Une philosophie de l’émancipation 

Nous pouvons nous engager dans d’autres voies. 

Essayons celle-ci : revenir toujours à notre rapport aux pratiques des arts et de la culture, par conséquent aux œuvres (de toute nature), dans la mesure où ce rapportest émancipateur (ce ne sont pas les œuvres qui le sont, mais, insistons, le rapport). Il montre que les œuvres, qui élargissent le territoire de leurs sujets et étendent ce que les corps sont capables de ressentir et de dire, sont impossibles à apparier à une quelconque théorie ou un impératif militant. Il nous oblige à déplacer nos schèmes de perception et à envisager, à chaque fois, une autre communauté sensible éventuelle. Les œuvres poussent toujours à de tels écarts émancipateurs (par rapport à soi, à son quotidien, au développement du marché et de la consommation culturels, dans lesquels les spectateurs sont eux-mêmes des produits de consommation). 

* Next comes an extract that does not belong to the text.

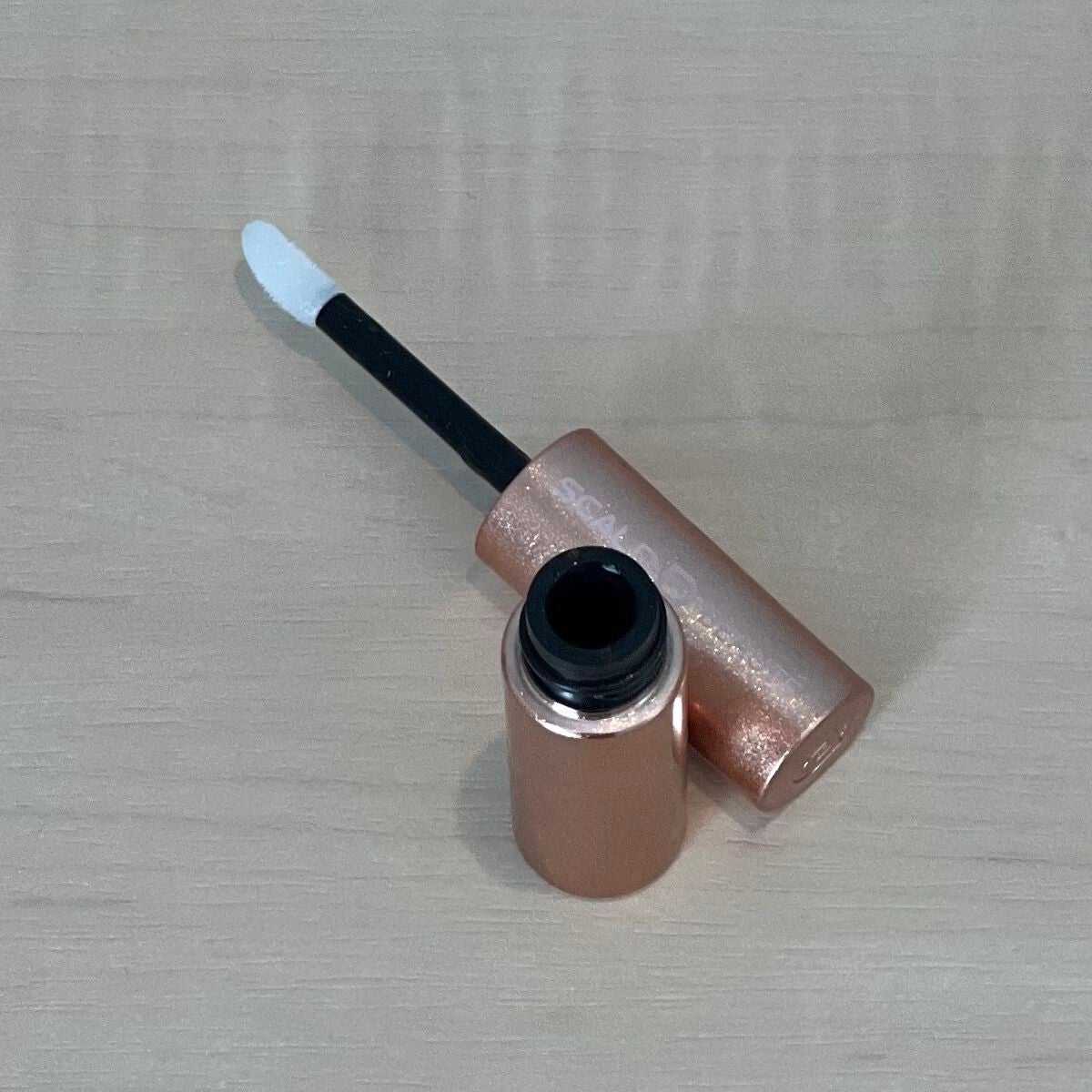 スカルプD ボーテ ピュアフリーアイラッシュセラム プレミアム/アンファー(スカルプD)/まつげ美容液を使ったクチコミ(2枚目)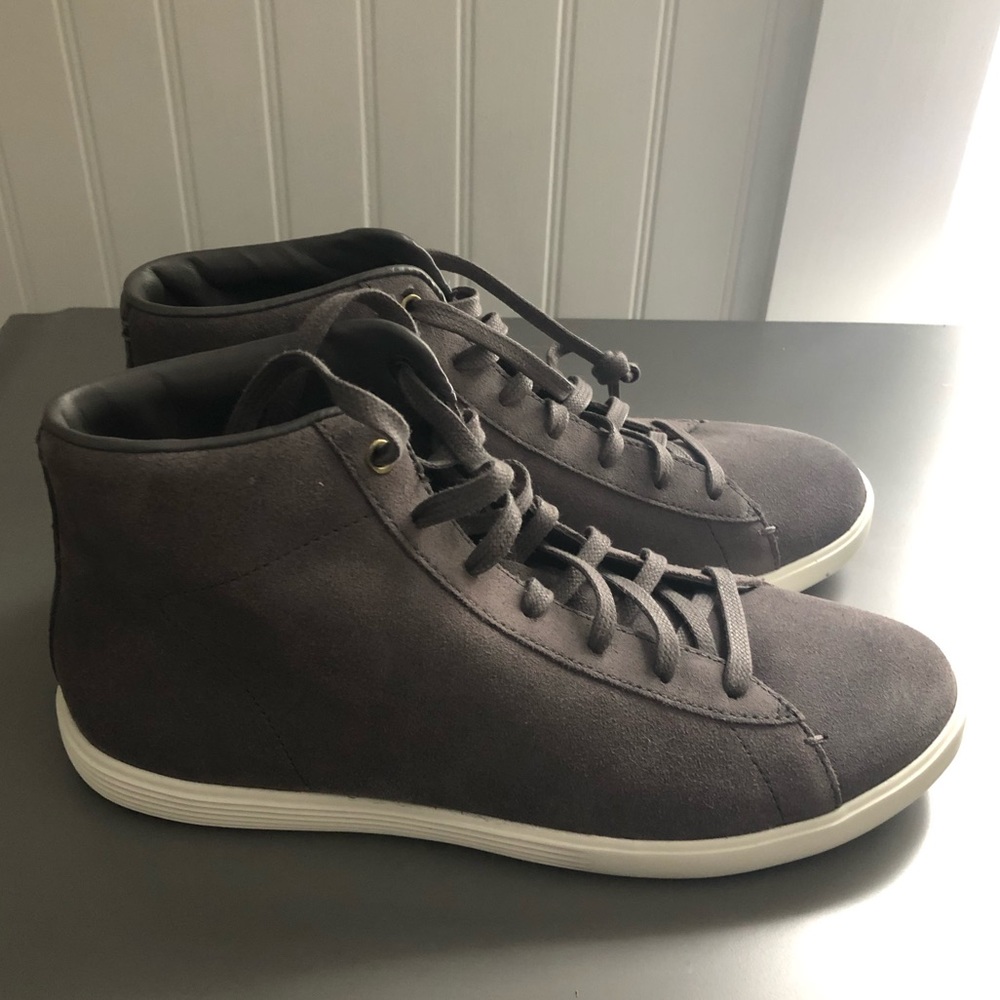 Women’s Cole Haan Hightop Sneakers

Et celle-là encore : il faut toujours revenir à l’idée selon laquelle la communauté esthétique n’existe pas, elle est toujours à faire et à refaire. Alors, ce qui la caractérise ne peut être que la dynamique de la discussion autour de ce qu’elle fait ou de ce qu’elle voit, ou de ce qu’on lui donne à voir. 

Ces deux voies se décalent par rapport aux raisonnements habituels, mais nous évitent aussi de tomber dans le cynisme du tout se vaut, ou dans la dispersion de chacun(e) en îles ou en « territoires » sans liens avec les autres. 

En un mot, nous pouvons changer nos modes de raisonnement en matière d’art et de culture. Un véritable écart culturel pourrait consister à instaurer des espaces dans lesquels rediscuter sans cesse de ce qui nous fait spectatrices ou spectateurs, auditrices ou auditeurs, de ce que nous acceptons de devenir par l’intermédiaire des oeuvres, et de ce que nous sommes prêts à partager avec les autres. Cette option ouvrirait, me semble-t-il, la voie d’une démocratie des initiatives et des multitudes infinies qui ne seraient pas un sujet déterminé d’avance, englobant les apports de ceux qui ces dernières années ont inventé des formes nouvelles d’affirmation partout (dans la culture) : le décolonial, le féminisme, l’environnement, l’anti-racisme et l’anti-xénophobie, etc., en permettant à la culture de n’être plus réduite à des objets chargés de transmettre une quelconque légitimité culturelle, mais d’être conçue comme l’ensemble des exercices par lesquels les femmes et les hommes se tiennent debout en toutes circonstances, affirment leur capacité à dire leur mot sur ce qui les concerne.  

Notes : 

  • Confusions renouvelées entre délinquance et banlieue, délinquance et immigration, immigration et banlieue, antisionisme et antisémitisme, territoire et religion, etc. 
  • Alors que la communauté du jouir culturel n’est pas toujours une communauté égalitaire.Il y faudrait au moins, l’affirmation d’un principe d’égalité des intelligences (cf. Jacques Rancière).  
  • Selon les termes de l’Unesco et de la conférence de Rio de 2012 : le combat contre la pauvreté, l’attention particulière apportée aux minorités, l’efficacité et la durabilité des politiques et programmes de développement, les processus d’intégration sociale et économique, la recherche de la paix et de la prévention des conflits.

Cf. Et les censures : l’annulation, dernièrement, du concert d’Aziza Brahim, etc.